Systeem
Periode
Serie
Tijdvak
Etage
Tijdsnede
Ouderdom
(Ma)
Kwartair Pleistoceen Gelasien jonger
Neogeen Plioceen Piacenzien 2,58–3,600
Zanclien 3,600–5,333
Mioceen Messinien 5,333–7,246
Tortonien 7,246–11,62
Serravallien 11,62–13,82
Langhien 13,82–15,97
Burdigalien 15,97–20,44
Aquitanien 20,44–23,03
Paleogeen Oligoceen Chattien ouder
Indeling van het Neogeen volgens de ICS.[1]

Het Langhien (Vlaanderen: Langhiaan) is in de geologische tijdschaal een tijdsnede in het Mioceen. Het Langhien duurde van 15,97 tot 13,82 Ma. Het komt na het Burdigalien en na het Langhien komt het Serravallien.

Naamgeving en definitie bewerken

Het Langhien werd in 1864 door de Italiaanse geoloog Lorenzo Pareto ingevoerd in de literatuur en is genoemd naar de Italiaanse streek Langhe in Piëmont.

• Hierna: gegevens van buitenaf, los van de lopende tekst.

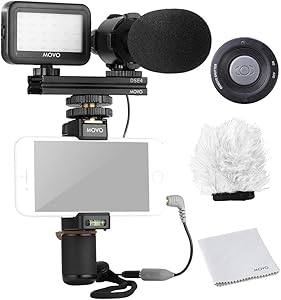 Movo Smartphone Video Rig Kit V7 with Grip Rig, Pro Stereo Microphone, LED Light and Wireless Remote - YouTube Equipment for iPhone 5, 5C, 5S, 6, 6S, 7, 8, X, XS, XS Max, 11, 11 Pro, Samsung Galaxy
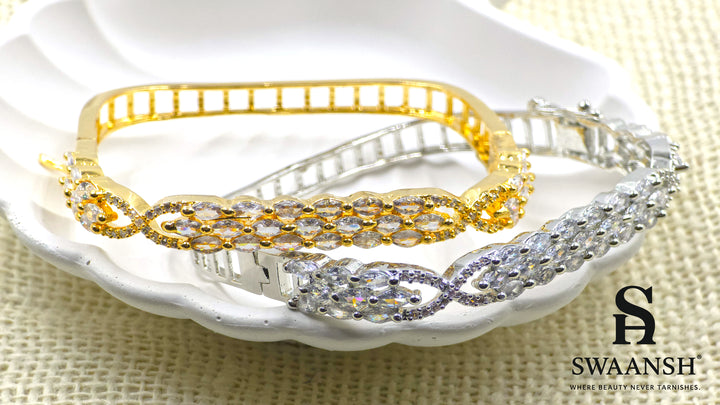 Silver square bracelet with three rows of marquise-cut zirconia and side swirl motifs – Swaansh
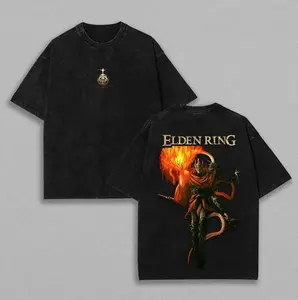 Messmer Elden Ring Retro Limited Vintage Lightweight Washed Tee 100% Premium Cotton Unisex Crew Neck Casual T-Shirt S-5XL - Soft Menswear Streetwear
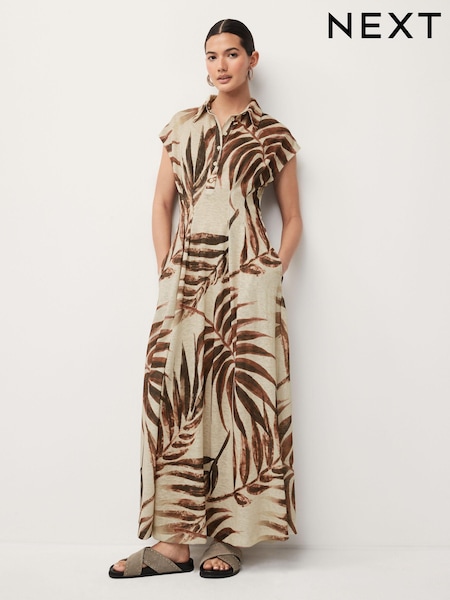 Ecru and Brown Palm Print Short Sleeve Maxi Shirt Dress (Q72498) | €25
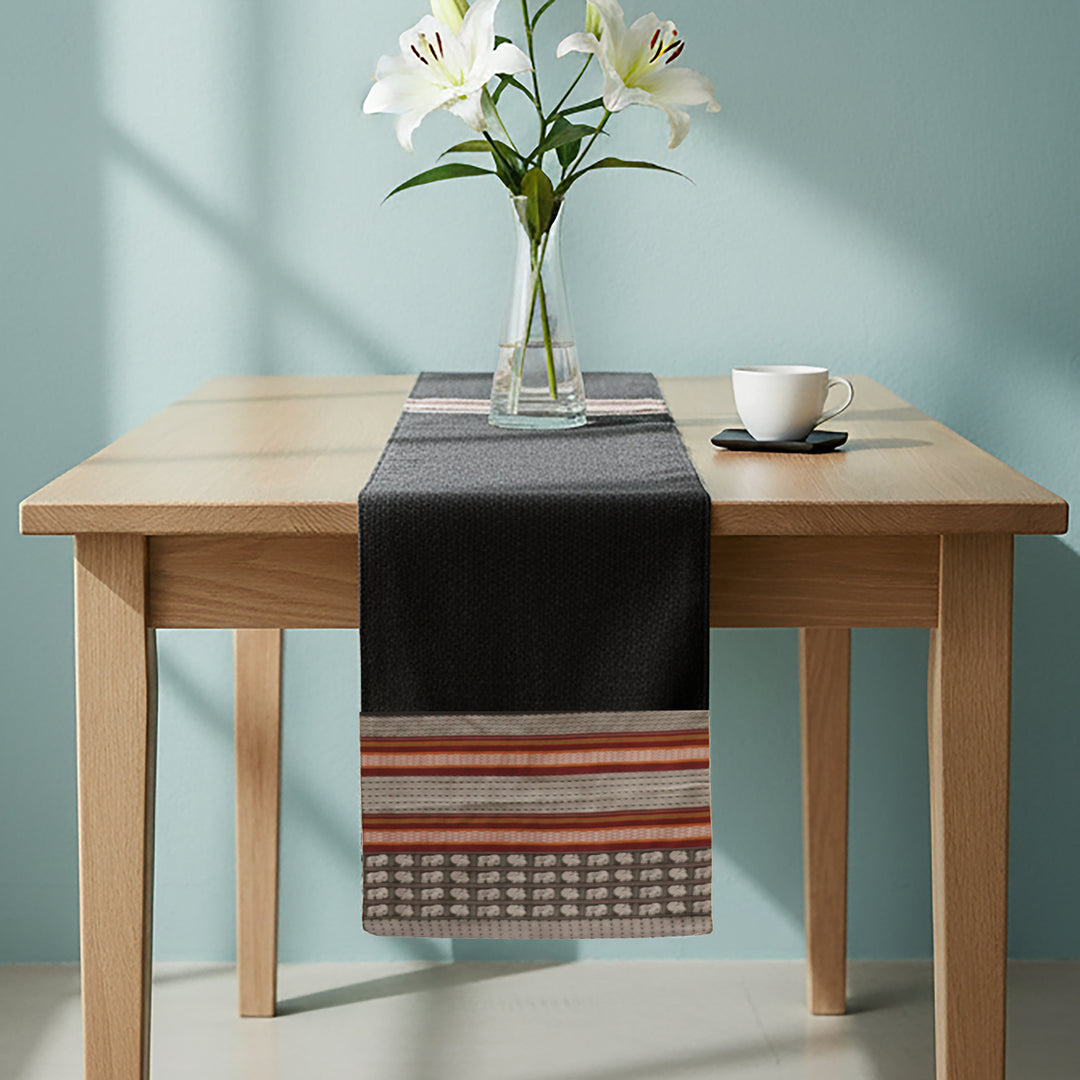 Handmade Black Elephant Design Khunn Fabric Cotton Table Runner | 12 x 60 Inch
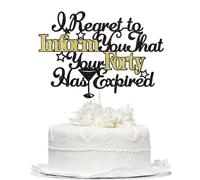 Bekaterea 40th Black Glitter Cake Topper-I regret to inform you that your childhood has expired You're an Adult Birthday Cake Decorations,Boys and girls 40th Birthday Party Decorations (forty)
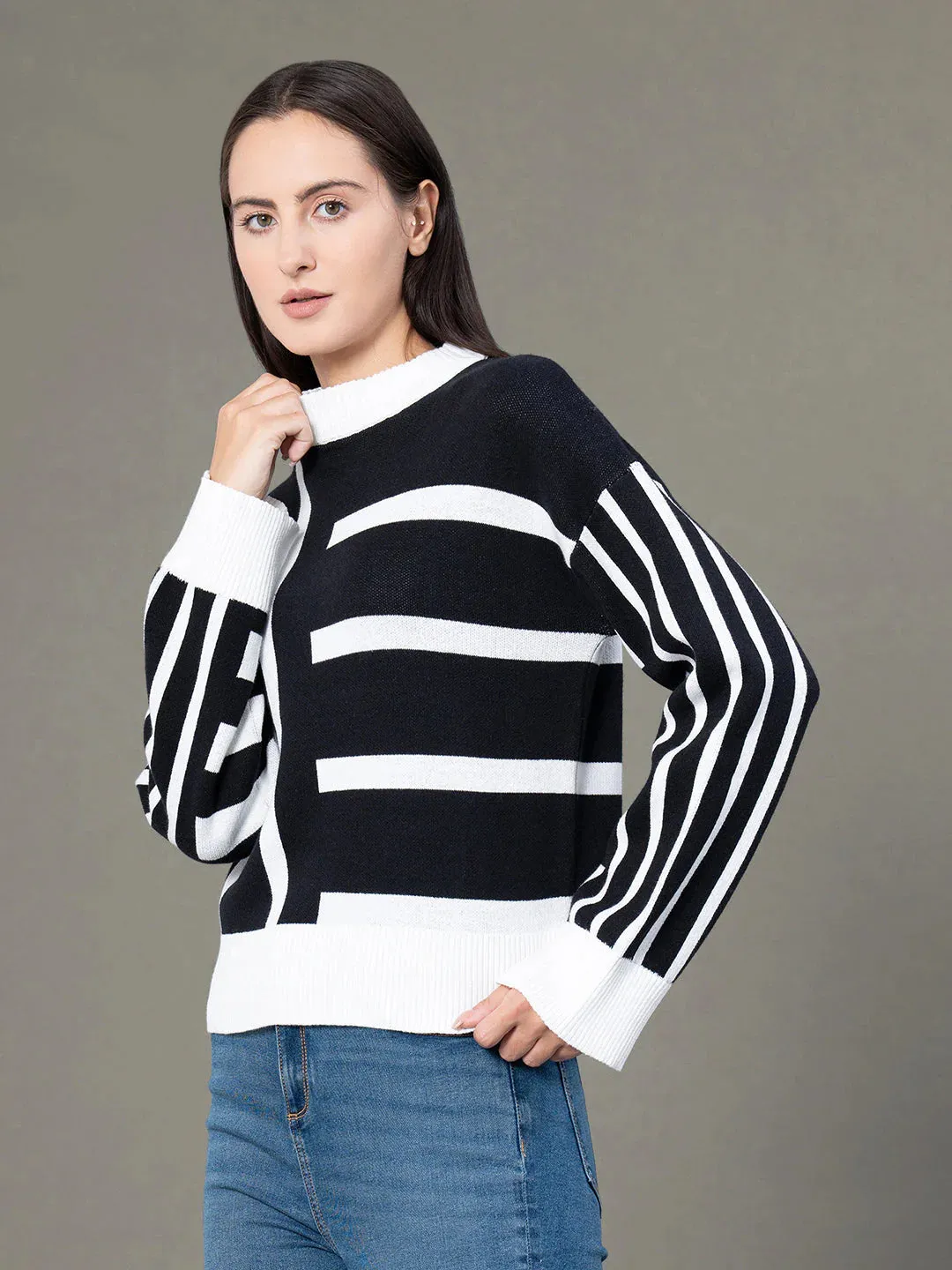 RedTape Round Neck Drop Shoulder Sweater for Women | Everyday Comfort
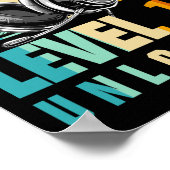 16th Birthday Boy Video Gamer Level 16 Ontgrendeld Poster (Hoek)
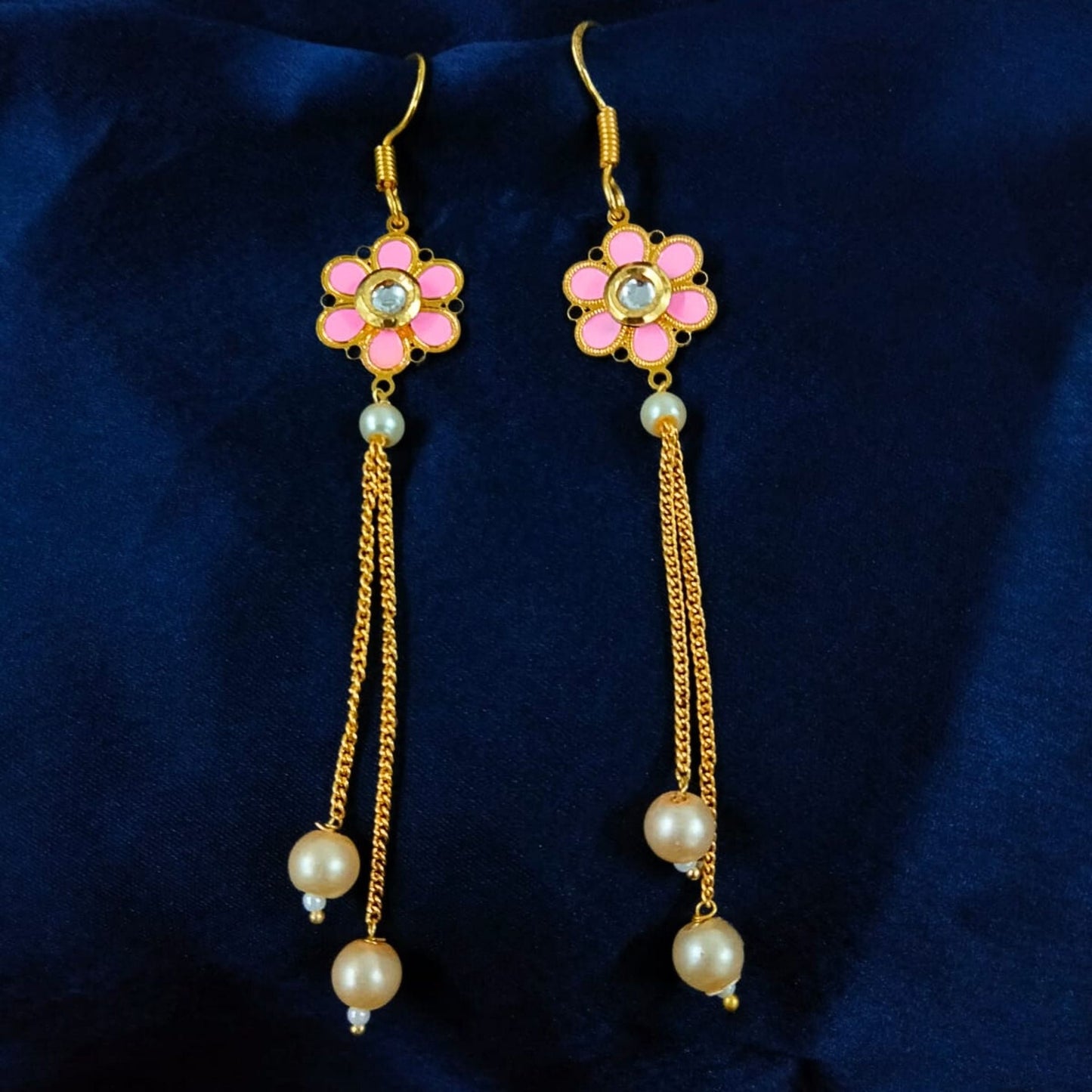 Bdiva 18K Gold Plated Kundan Dangler Earrings with Semi Cultured Pearls.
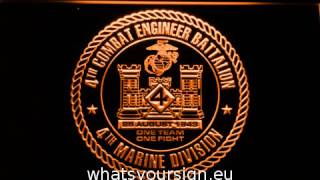 Us Marine Corps 4Th Combat Engineer Battalion Led Neon Sign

De basis van het Langhien wordt gedefinieerd door het vroegste voorkomen van de planktonische foraminifeer Praeorbulina glomerosa en de top van de magnetische chronozone C5Cn.1n. De top (de basis van het Serravallien) wordt gedefinieerd door het laatste voorkomen van de nannoplanktonsoort Sphenolithus heteromorphus en ligt in de magnetische chronozone C5ABr. Er was in 2007 nog geen golden spike voor het Langhien vastgelegd.